My fondest memories of these aromatically sublime cookies is receiving a greasy brown paper bag filled with fresh nankhatai's from my great grandfather when I went to visit him on weekends.
Sumayya Usmani


Makes about 15 small cookies

  • 250 grams soft unsalted butter
  • 1 cup caster sugar
  • 1 egg yolk
  • 2 cups plain flour
  • 1 teaspoon baking powder
  • 4 tablespoons fine semolina
  • 1/2 cup coconut flour or finely ground desiccated coconut
  • 1 teaspoon freshly ground cardamom seeds
  • 1 teaspoon rosewater
  • 1 tablespoon milk (optional, to bind)
  • 15 blanched almonds
  • 1 egg, beaten - use as egg wash
  • 2 tablespoons finely crushed pistachios
  1. Preheat the oven to 170 degrees C / 338 degree F. Begin with whisking the butter and sugar together until combined and light. Add the yolk and beat until smooth.
  2. Mix baking powder with the flour, cardamom, coconut flour and semolina, slowly begin to add to the butter mixture until all the flour is used up. Add rose water. Now use your hand to bind the dough together, add a little milk if needed.

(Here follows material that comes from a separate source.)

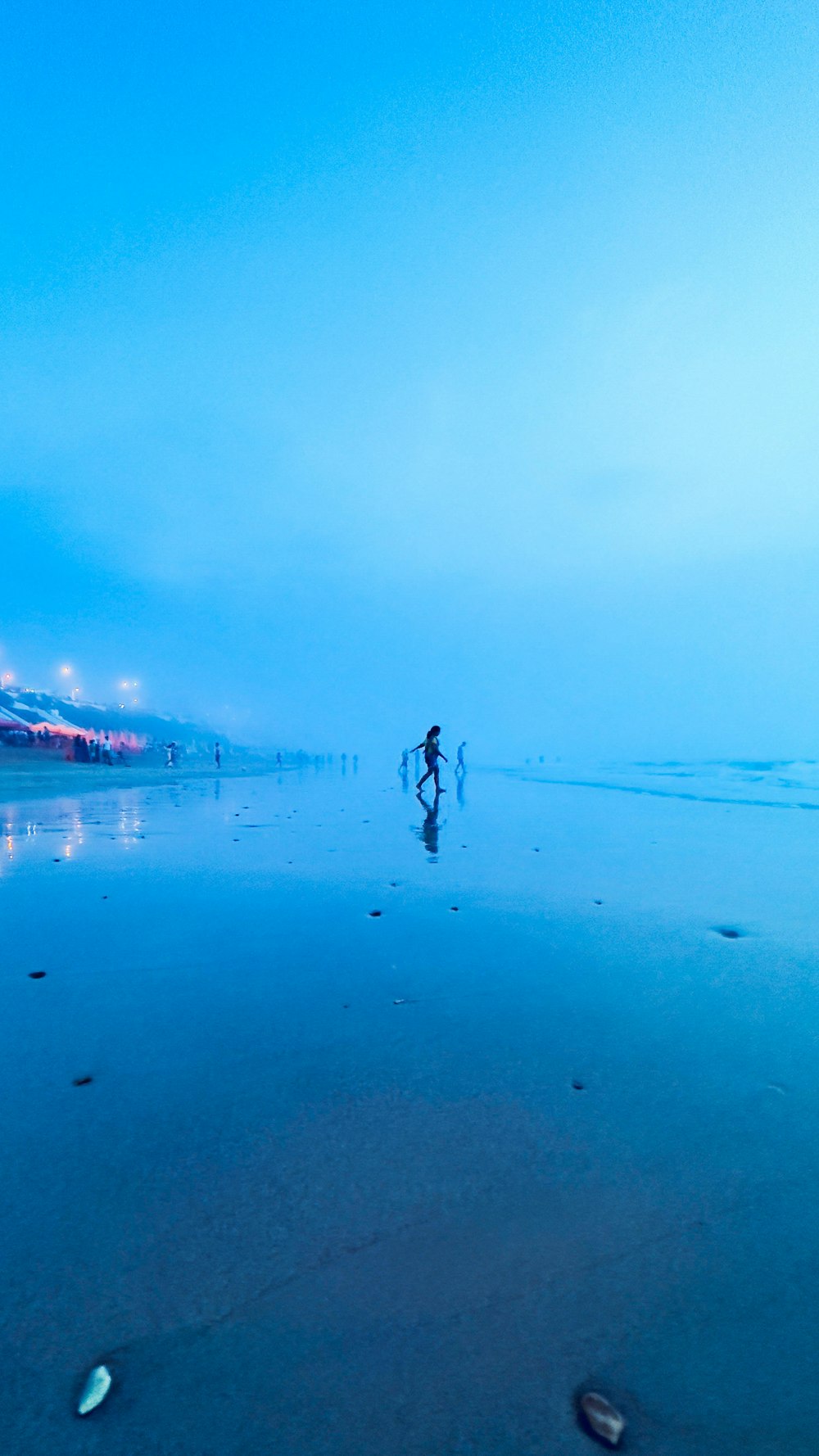 a couple of people walking across a wet beach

  3. Taking about a tablespoon of the dough make a round ball with your hand and then using the back of the fork, press down to flatter slightly, making an indent marking. Using a pastry brush, brush the egg yolk wash over the cookie, press a blanched almond in the middle and sprinkle some crushed pistachio over the cookie. Place on baking tray and repeat until all the dough is finished,
  4. Bake for 20-25 minutes or until the corners of the cookies are light brown. The general colour of nankhatai is pale and not a very dark cookie. Allow to cool before eating. Store for 7-10 days in an airtight cookie jar.